■ **DATASET EXCERPT**:
┌──
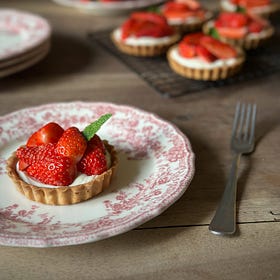Strawberry and mascarpone tarts - a recipe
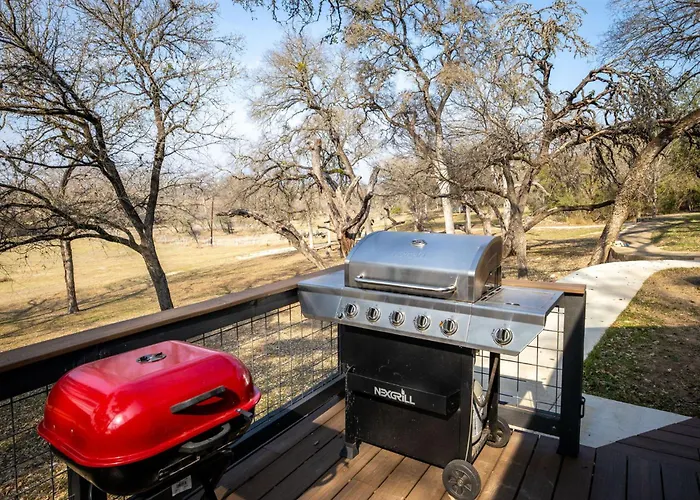 River Access Fire Pit Bbq Sleeps Sleeps 17
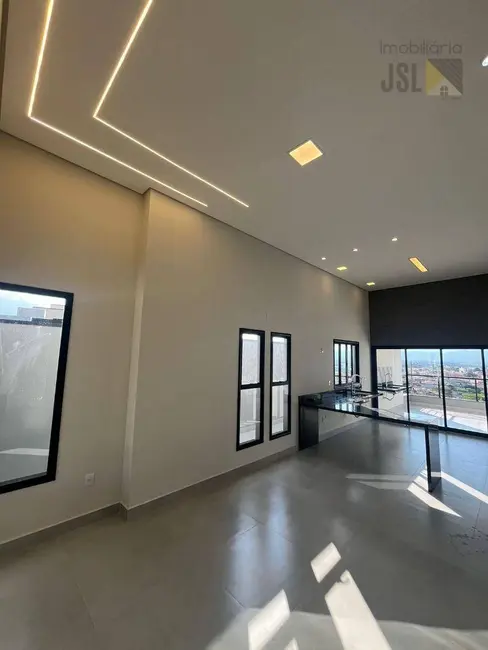 Foto 3 de Sobrado com 3 quartos à venda, 254m2 em Cacapava - SP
└──
■ **WORK TASK**: Print the whole listing above once more, word for word, without its pictures.

■ **RESULT OF THE TASK**:
Strawberry and mascarpone tarts - a recipe
 River Access Fire Pit Bbq Sleeps Sleeps 17
 Foto 3 de Sobrado com 3 quartos à venda, 254m2 em Cacapava - SP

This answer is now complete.